→ **Task to complete**:
In the entries that follow, find the line containing "FYDZBSL Mini Figuren" and the line containing "Combo teclado y", then retype exactly the lines from the first through the second, pictures excluded.

→ **Provided records**:
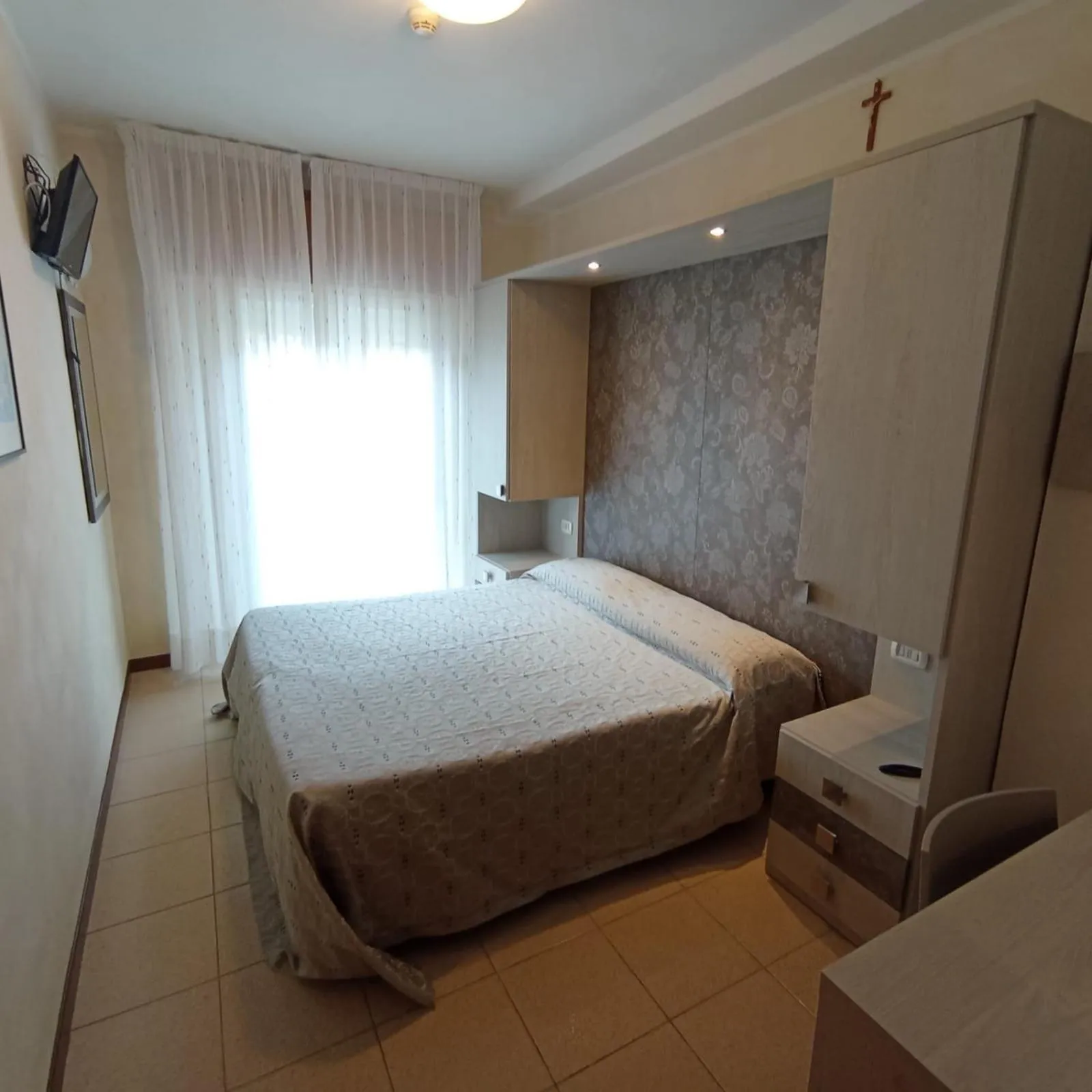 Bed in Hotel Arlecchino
---
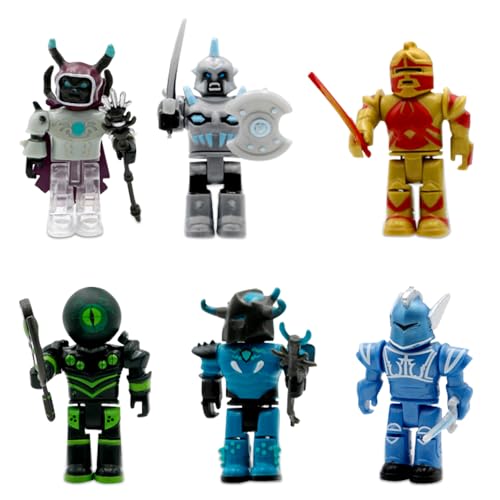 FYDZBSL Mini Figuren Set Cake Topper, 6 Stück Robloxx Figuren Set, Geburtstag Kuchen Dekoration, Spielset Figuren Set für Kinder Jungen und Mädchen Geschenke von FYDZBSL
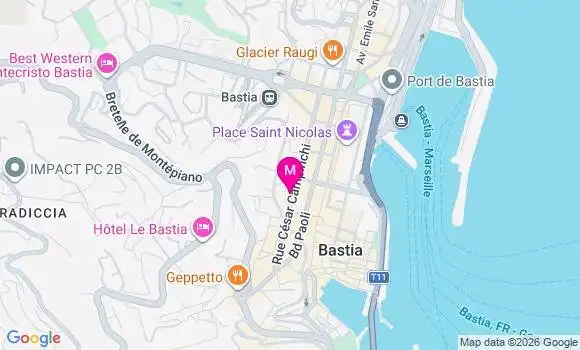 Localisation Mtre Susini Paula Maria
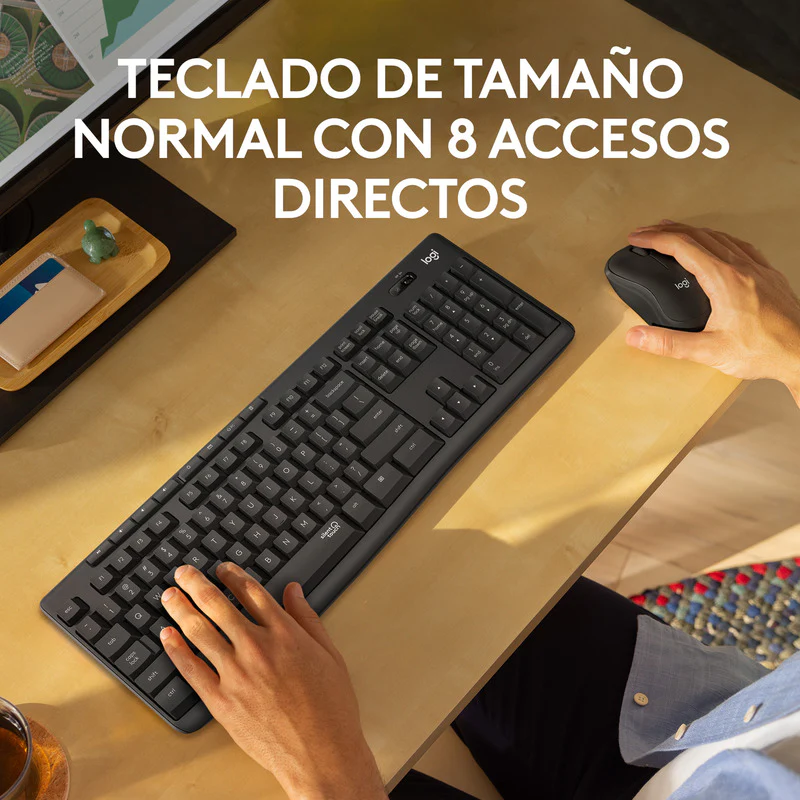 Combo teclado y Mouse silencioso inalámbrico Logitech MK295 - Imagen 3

→ **Exercise solution**:
 FYDZBSL Mini Figuren Set Cake Topper, 6 Stück Robloxx Figuren Set, Geburtstag Kuchen Dekoration, Spielset Figuren Set für Kinder Jungen und Mädchen Geschenke von FYDZBSL
 Localisation Mtre Susini Paula Maria
 Combo teclado y Mouse silencioso inalámbrico Logitech MK295 - Imagen 3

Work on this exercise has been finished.